====== INFORMATION PROVIDED ======
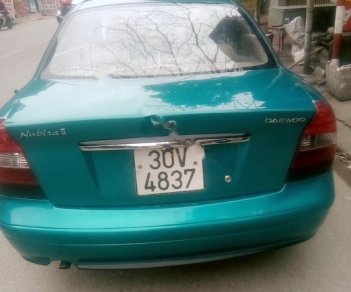 Daewoo Nubira 2003 - Cần bán gấp Daewoo Nubira 2003, màu xanh lam, xe gia đình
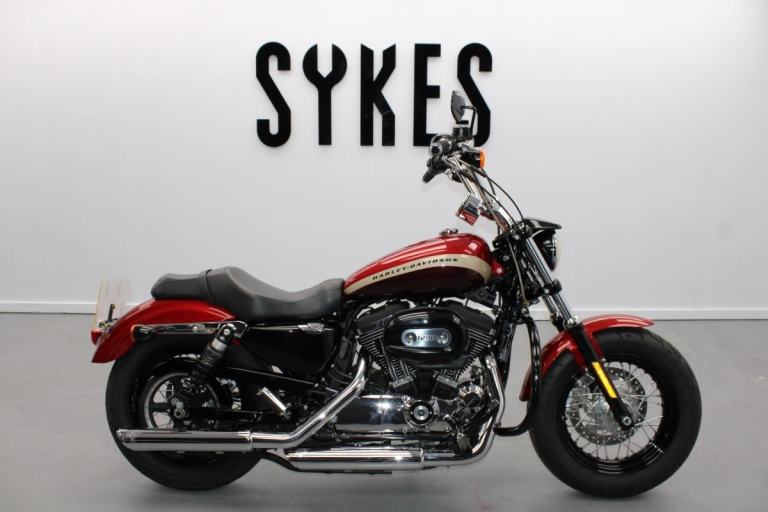 2019 Harley-Davidson XL1200C Sportster 1200 Custom in Wicked Red and Cherry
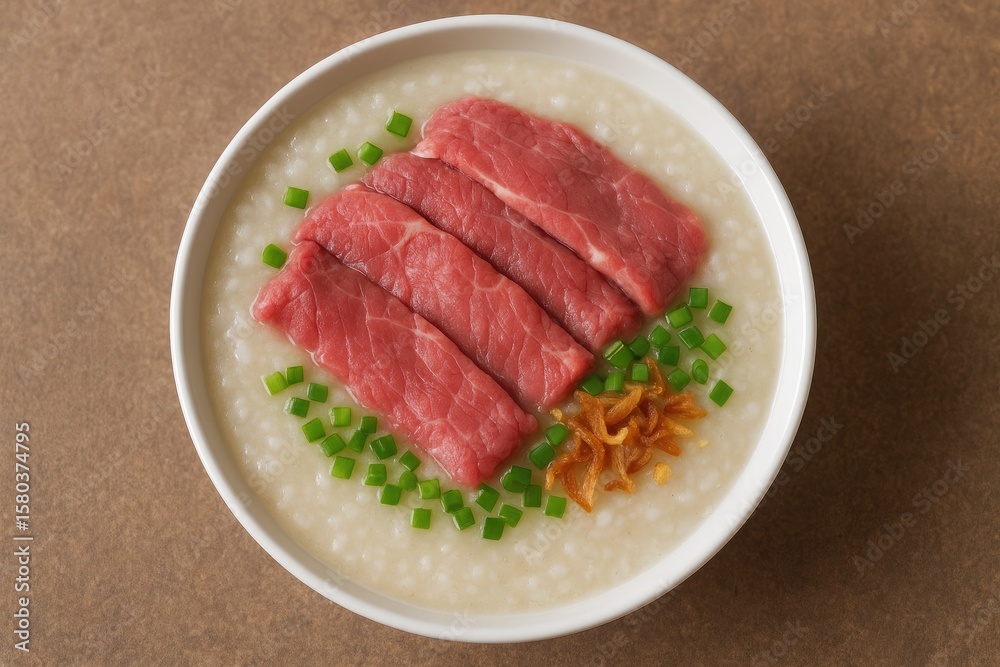 Beef used in traditional Vietnamese rice porridge Beef used in traditional Vietnamese rice porridge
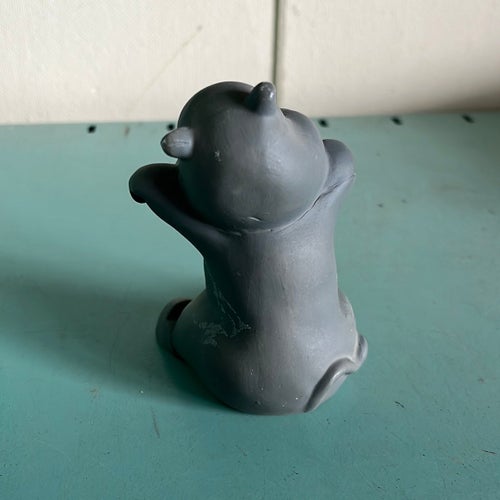 Söt Flodhäst Figur fotoram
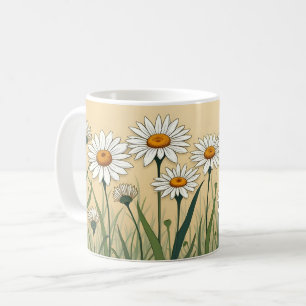 Mug White Daisy Meadow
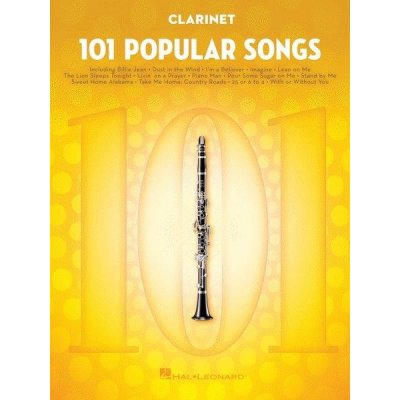 101 Popular Songs Clarinet noty na klarinet – Zbozi.Blesk.cz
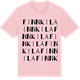 Pink Cotton t-shirt med Finnkila ordlek t-shirt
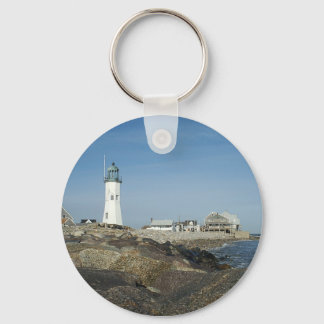 Scituate Lighthouse Keychain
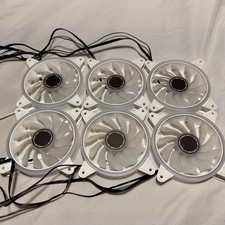 EZDIY-FAB White Moonlight Case Fans 6-Pack w/ Fan Hub X & Remote picture
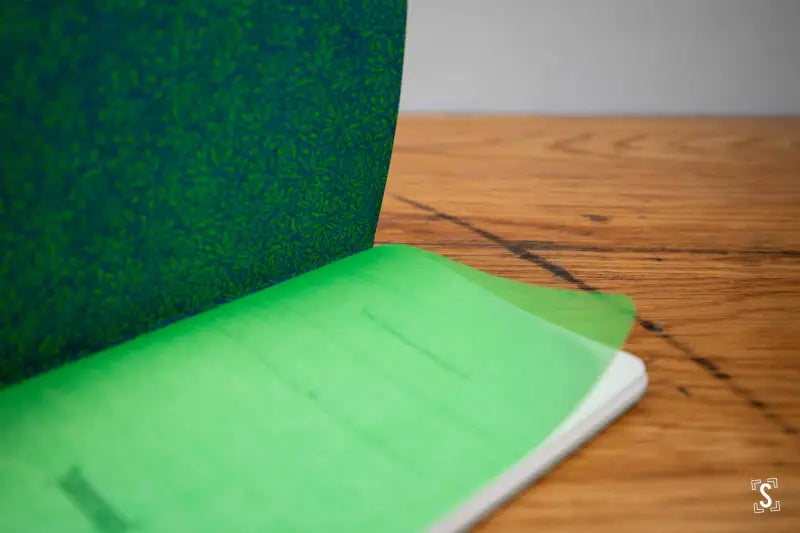 Strata A5 Notebook Kahori Green/Gold Jungle Green Notebook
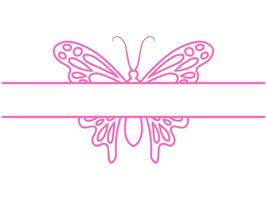 Butterfly vintage Frame Line Art vector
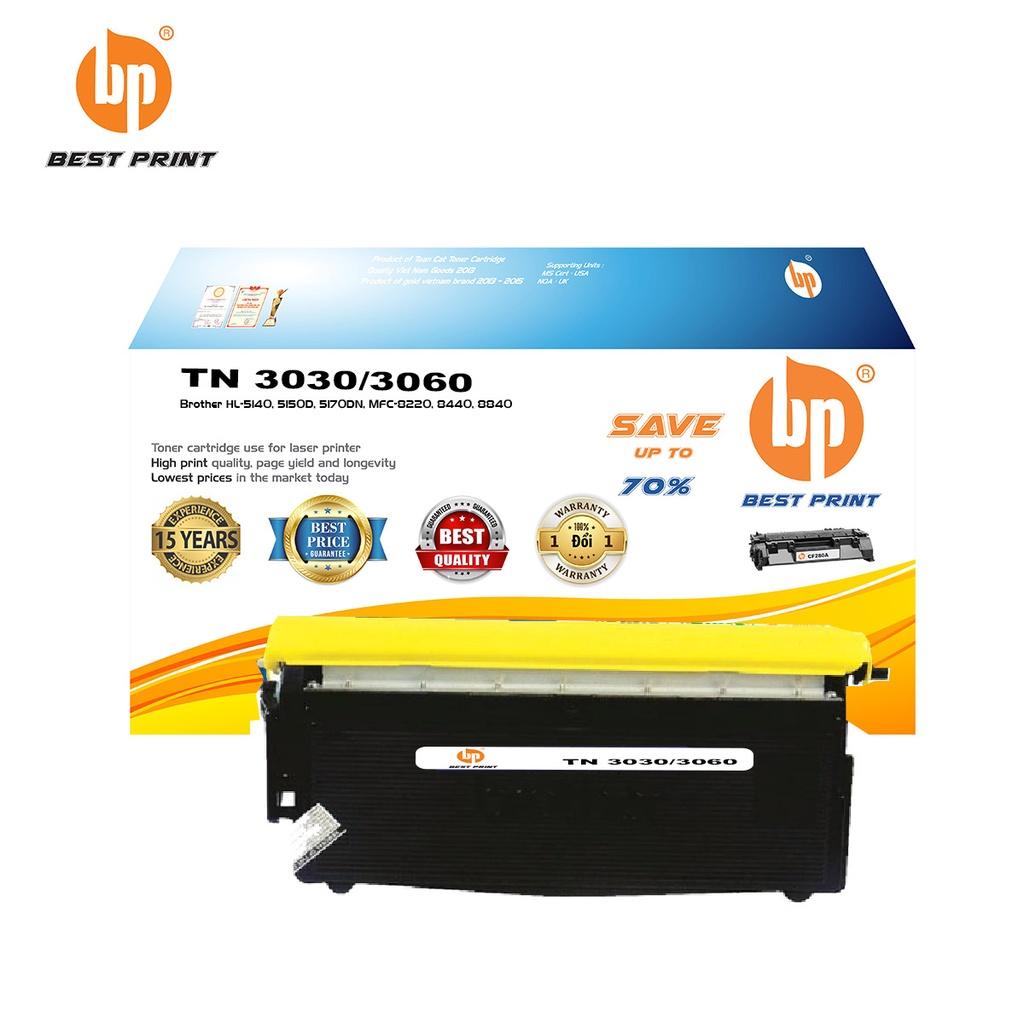 Hộp mực in BEST PRINT TN 3030/3060 dùng cho máy in Brother HL-5140, 5150D, 5170DN, MFC-8220, 8440, 8840 - HÀNG CHÍNH HÃNG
======
EXERCISE BRIEF:
Restate word for word the lines running from the one with "2019 Harley-Davidson XL1200C" to the end of the entries; pictures are to be left out.

EXERCISE RESULT:
 2019 Harley-Davidson XL1200C Sportster 1200 Custom in Wicked Red and Cherry
 Beef used in traditional Vietnamese rice porridge Beef used in traditional Vietnamese rice porridge
 Söt Flodhäst Figur fotoram
 Mug White Daisy Meadow
 101 Popular Songs Clarinet noty na klarinet – Zbozi.Blesk.cz
 Pink Cotton t-shirt med Finnkila ordlek t-shirt
 Scituate Lighthouse Keychain
 EZDIY-FAB White Moonlight Case Fans 6-Pack w/ Fan Hub X & Remote picture
 Strata A5 Notebook Kahori Green/Gold Jungle Green Notebook
 Butterfly vintage Frame Line Art vector
 Hộp mực in BEST PRINT TN 3030/3060 dùng cho máy in Brother HL-5140, 5150D, 5170DN, MFC-8220, 8440, 8840 - HÀNG CHÍNH HÃNG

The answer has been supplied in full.